Resistance to non-enrolment decisions differed among women based on their interpretation of the power wielded over them. A few resisted within the power structures of their families, and some resisted openly. The purpose of subtle and covert forms of resistances was to maintain a good standing with the family based on the social construction of gendered distribution of roles and responsibility, whilst all the same resisting non-enrolment decisions. These approaches to resistance that conformed to gendered constructions included, total obedience or unflinching support of husband’s non-enrolment decisions. Women employed this approach in the hopes their husbands would consider their position against non-enrolment or non-access decisions in subsequent access decisions. It also included employing coded language when women explain non-access issues to friends and the advises that their friends proffer. Speaking up as a resistance strategy also occurs within the acceptable structures of family power. Women’s use of proverbs, adages, and backtalking their husbands reinforce their points without directly usurping their husbands’ power-over them.
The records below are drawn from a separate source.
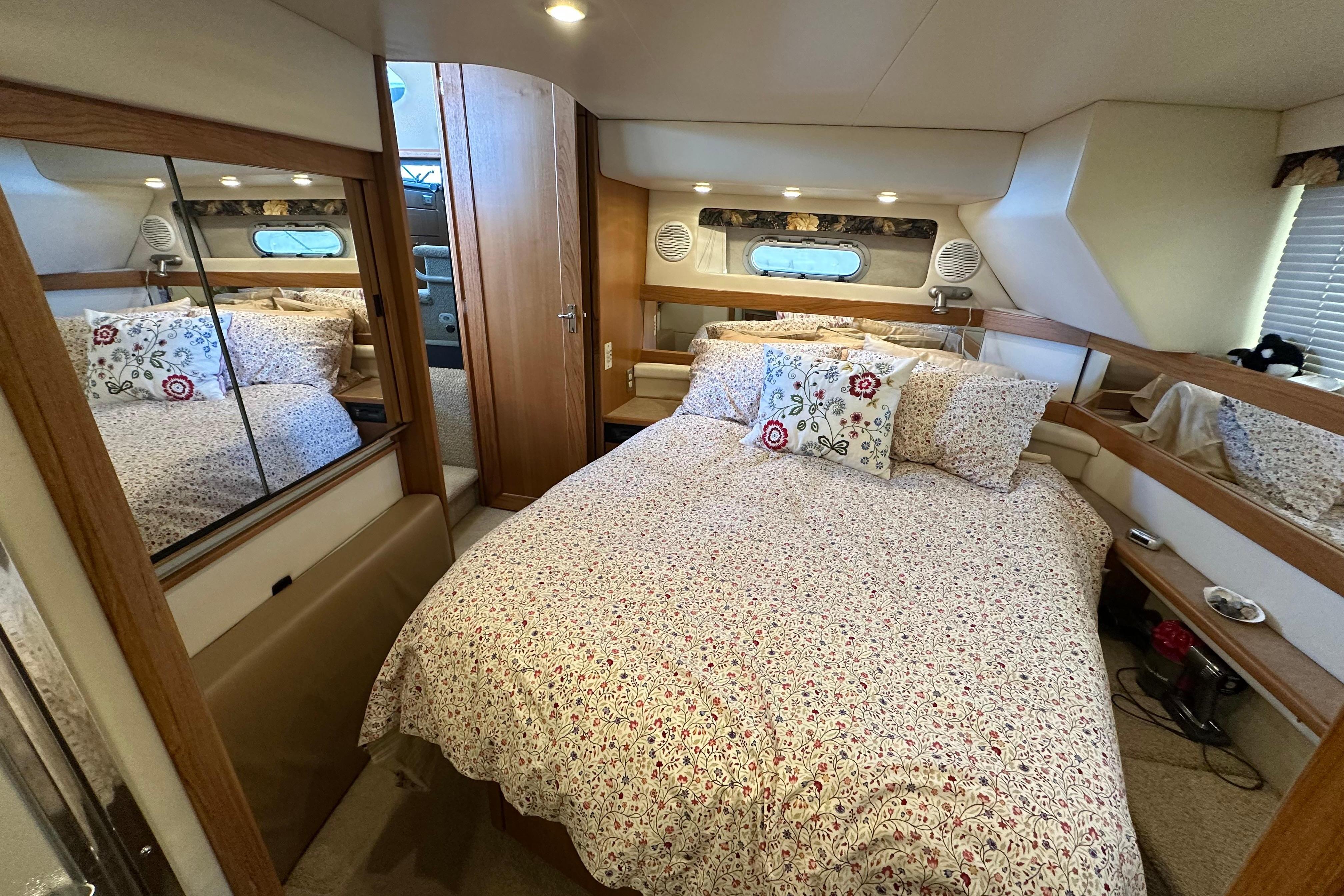 Cozy bedroom in 2000 Bayliner 4087 Aft Cabin Motoryacht with floral bedding and wood accents.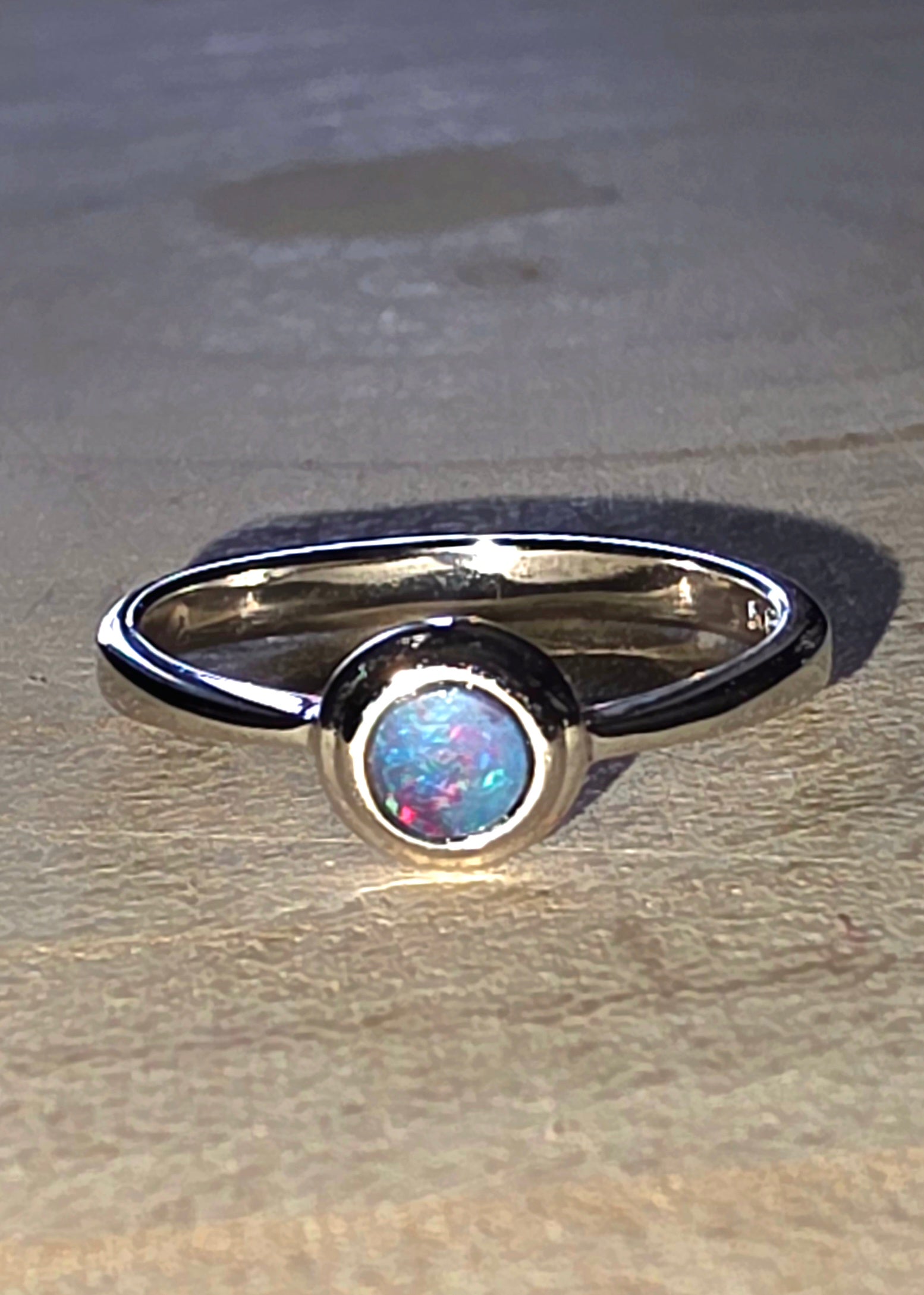 Silver opal ring with a central gemstone on a beige surface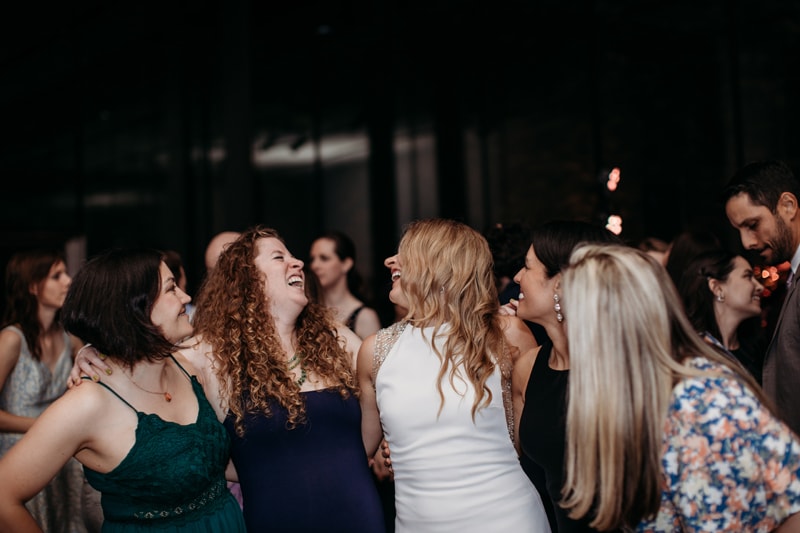 Wedding Photographer, the bride dances and embraces her friends and family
Other resistance occurred outside the family approved structures of power. These kinds of resistance are deemed unacceptable. This includes breadwinning and overseeing family finances. This kind of resistance also occurred in response to a particular expression of power-over employed by men. For example, power-over can be applied in a manner that is negative or creates a zero-sum situation, strategically constraining others from having options. Pro-educators employ drastic forms of resistance to deal with the situation. Exercising power-over by applying methods such as bullying, putting inhibitions on women’s ability to earn income, and emotional abuse, evoked women’s use of resistance strategies like gaining financial independence.

Breadwinning is a key disruptive mechanism of the power structure and it occurs within the context of family earning. Whilst family earnings or investments influence access, gender and quitting school as revealed by earlier scholarships, those who earn incomes and provide for the family are the key actors in decision making (Ackers et al., Citation2001, p. 369; Birdsall et al., Citation2005; Boyle et al., Citation2002; Brown & Park, Citation2002; Bruneforth, Citation2006; Cardoso & Verner, Citation2007; Dachi & Garrett, Citation2003; Hunter & May, Citation2003; Porteus et al., Citation2000; Ranasinghe & Hartog, Citation2002; UNESCO Institute for Statistics (UIS)/UNICEF, Citation2005; Vavrus, Citation2002). Traditionally, a man is expected to provide for the family financially. The expectation that a man would earn more than a woman is what enables men to control the family finances even if both husband and wife contribute to the family resources. Atkinson et al. (Citation2005, pp. 1138–1139) relative resource theory argues that apart from gender, the primary predictor of power is the income a couple earns relative to one another. Improving the earning ability of women can, therefore, be disruptive to gendered hierarchy of power. When a woman earns enough money or an equal amount of money, her actions affect the family power structure during decision-making. Her social status as a bread winner, thus, contradicts the societal approved power structure within the family and consequently, a threat to a male-led hierarchy. Thus, a woman’s resistance this way creates other resistance from those with power-over.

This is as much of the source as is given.